About this exercise: Your answer must restate the listing below word for word and contain no images.

Dataset:
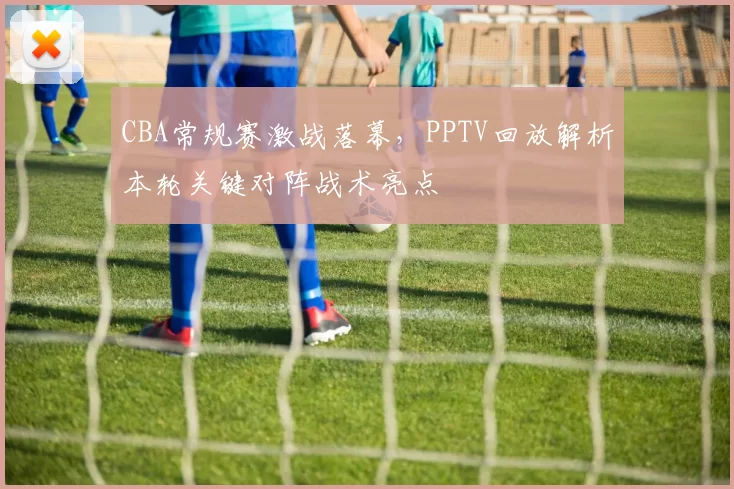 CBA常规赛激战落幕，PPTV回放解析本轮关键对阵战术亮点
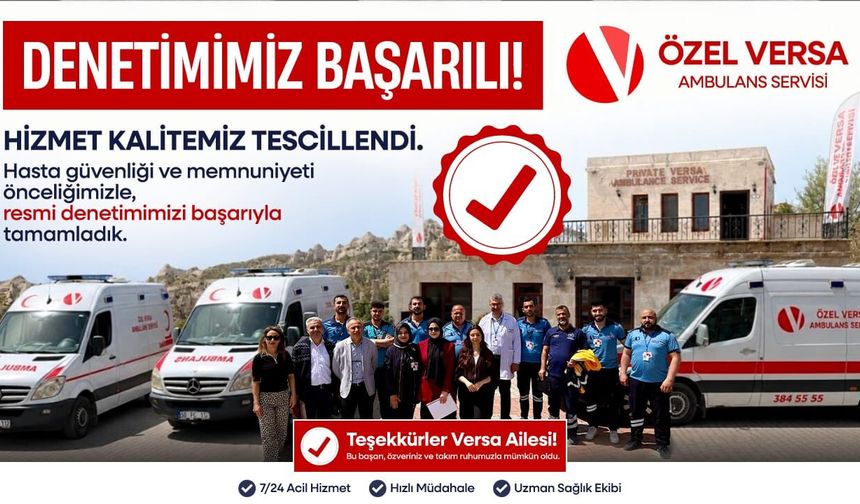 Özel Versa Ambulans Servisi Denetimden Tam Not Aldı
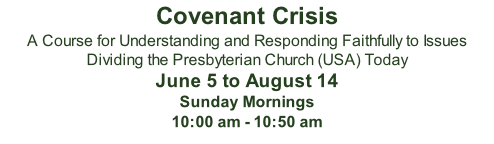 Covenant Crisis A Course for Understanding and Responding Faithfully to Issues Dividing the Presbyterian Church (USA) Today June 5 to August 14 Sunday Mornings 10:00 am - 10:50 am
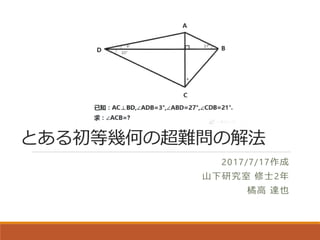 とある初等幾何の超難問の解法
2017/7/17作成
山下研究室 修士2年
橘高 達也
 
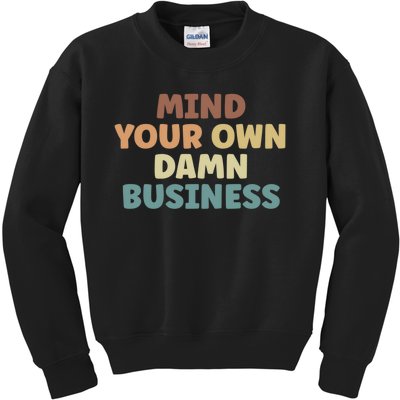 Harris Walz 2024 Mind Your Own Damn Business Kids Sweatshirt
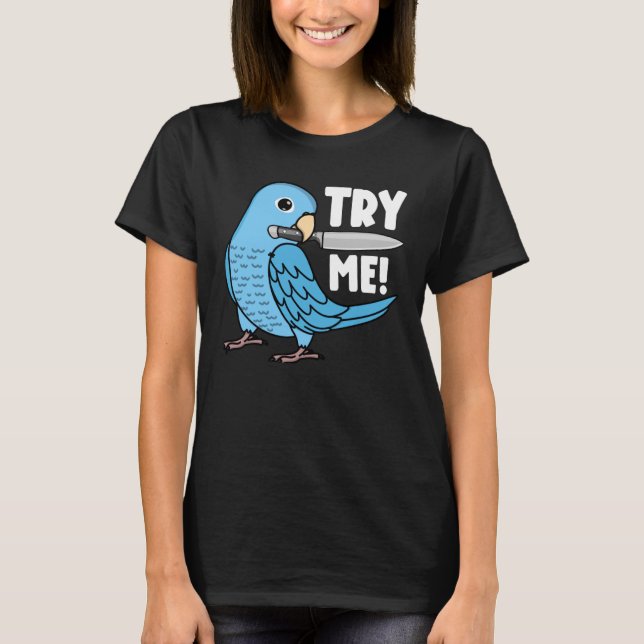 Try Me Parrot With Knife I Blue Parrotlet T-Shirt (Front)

Task answer:
 CBA常规赛激战落幕，PPTV回放解析本轮关键对阵战术亮点
 Özel Versa Ambulans Servisi Denetimden Tam Not Aldı
 Covenant Crisis A Course for Understanding and Responding Faithfully to Issues Dividing the Presbyterian Church (USA) Today June 5 to August 14 Sunday Mornings 10:00 am - 10:50 am
 とある初等幾何の超難問の解法
2017/7/17作成
山下研究室 修士2年
橘高 達也
 
 Harris Walz 2024 Mind Your Own Damn Business Kids Sweatshirt
 Try Me Parrot With Knife I Blue Parrotlet T-Shirt (Front)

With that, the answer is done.